But what I learned through that experience with this rooftop garden, is more than providing garnishings for the food, it was so therapeutic for the children.
These children would start going up to the rooftop garden. They would start watering the plants and planting the plants. They started learning where food came from, many of them didn't even know that a seed could turn into a tomato. For so many of them food has come out of bins and plastic, so they started to learn the process of growing their food. And all of these life skills of patience - that it takes time for a seed to turn into a vegetable. Some of them were given leadership responsibilities of planting and watering and going up there every day and nurturing these plants. It started to show me all of these lessons and the therapeutic side of gardening for these children.
For this particular foundation their dream was to do a full farm. That's where we thought we could actually start funding these farms for these children, so it not only would provide food for the children, but it would also provide a place of therapy. It would provide a place of nurture and care and where their dreams can start to be cultivated.

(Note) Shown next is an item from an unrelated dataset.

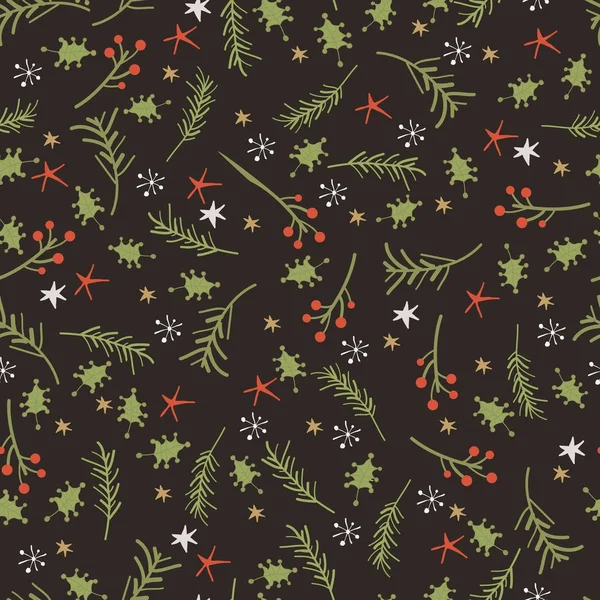 Patrón sin costura de Navidad con ramas de abeto — Archivo Imágenes Vectoriales
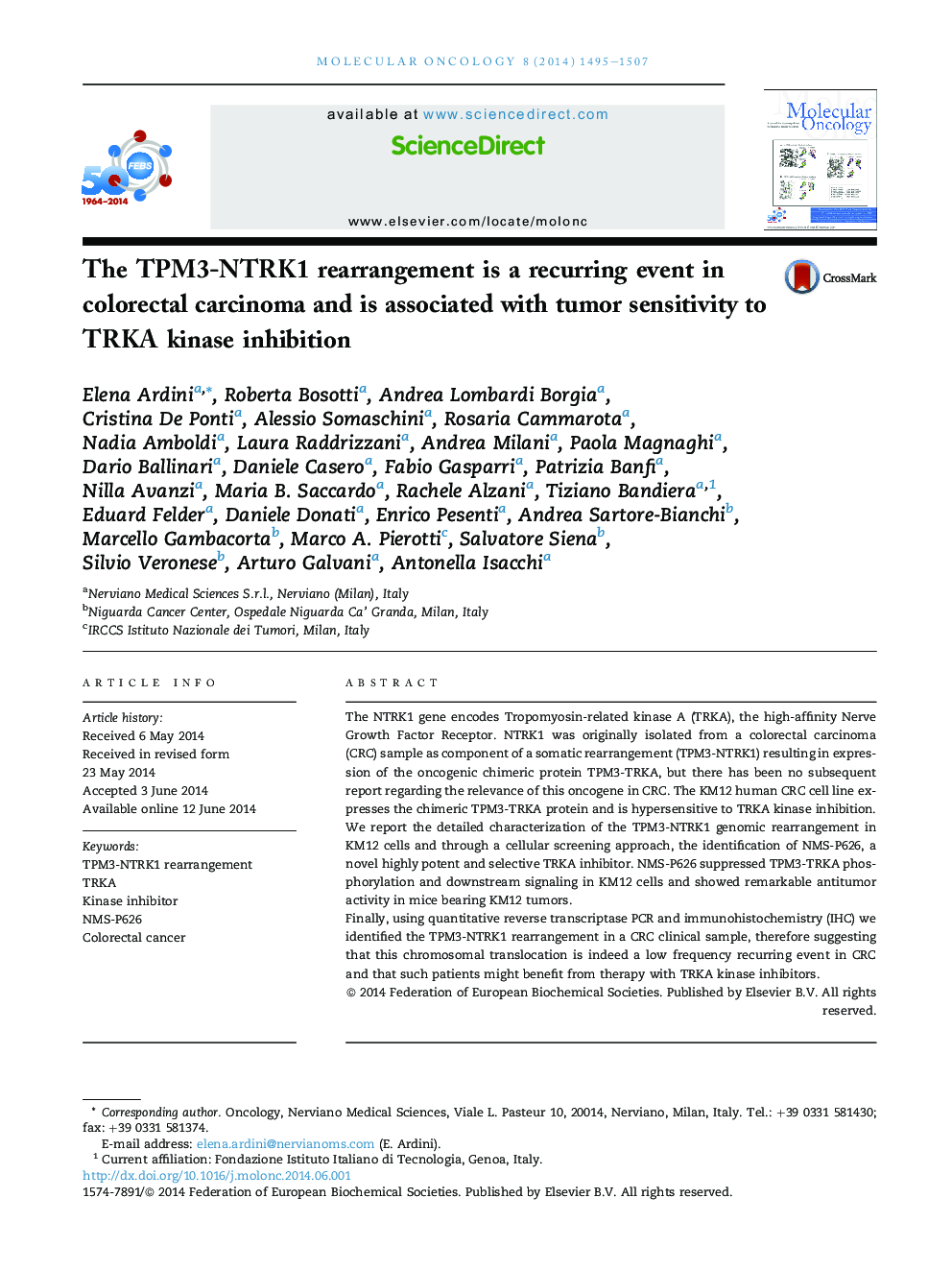 The TPM3-NTRK1 rearrangement is a recurring event in colorectal carcinoma and is associated with tumor sensitivity to TRKA kinase inhibition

And so I came back to Australia and together with my three co-founders, we created One Plate. It came from one child, not to be overwhelmed by the millions or hundreds or even ten, but to start with one. And the idea of the plate is that having food on a plate is what actually provides that child dignity. It shows them that they're worthy to have a plate of food and the importance of that plate. And so basically in Australia, we started partnering with restaurants and cafes. They would choose one menu item and each time that menu item is ordered, a dollar is donated to One Plate, 100% of that dollar to fund sustainable food projects for these children.
Kate:
That’s fantastic, it really is. And I think that you mentioned earlier, sometimes, you know, all of us think, what are we going to do? What can we do? Because the problem seems so big, as you say 143 million orphans, it's huge. But actually one person, one thing at a time. And as you said so beautifully around the fact that, yes, it's about food, but it's also about dignity and soul and purpose. And giving the children a different reason other than that a life that’s just about survival, to eat, to not be violated, so many things that are just about survival. There's no thriving in there at all. It's literally one moment, maybe one hour to the next.
Whereas this sort of opening up to that flourishing, thriving and seeing things that they've never seen before is just incredible, through what you are doing.
Thérèse:
It’s interesting you say that Kate because there was this one little boy, and he was 12 when I met him, and when he was 2, he was based in Manila, his mum died and his dad was in jail for drugs. So he was left on the streets. He had nobody to care for him. At two years of age, he was abandoned, left on the streets and he grew up amongst other street children and they all just looked after each other, but that involved a lot of horrendous things and gangs and all sorts. He went through hell on earth and was in survival mode day in, day out for ten years just searching for food and caught up with everything on the streets.
And then he heard about his feeding program. So he started going along every Saturday for his one meal on a plate each week. And when we did the rooftop garden, he just took a liking to it. So he would go up to the rooftop garden every week, and he then got a scholarship to go to school. He started going to school and he got a home, which was amazing. But this rooftop garden ended up becoming his safe space, and it became his place where he started healing because he would go up there every week, to plant, to water.
He just started talking to the plants because he didn't feel safe around adults, but around these plants, around these living spaces and creation, he just felt quite safe. And he started to bloom. He started to grow as well. And he was telling me that his dream now is to be a farmer.
And for us, that just seems “Oh, yeah, that's great. You've got a dream to be a farmer.” Because we're full of dreams. We have so many dreams. But what we don't understand
is that for these children to have a dream, to even say “I want to be when I grow up” is a massive thing, it’s a huge breakthrough, because these children, as you said, they're in survival mode. They're not thinking about tomorrow. They're not even thinking about tonight. They're thinking about, “How can I get through the next few hours? How can I get my meal?” They're not thinking about tomorrow. So, for them to even think about the future, let alone have a dream of what they want to be in the future, is a huge breakthrough because it means that they're out of survival mode, and they're starting to think about tomorrow.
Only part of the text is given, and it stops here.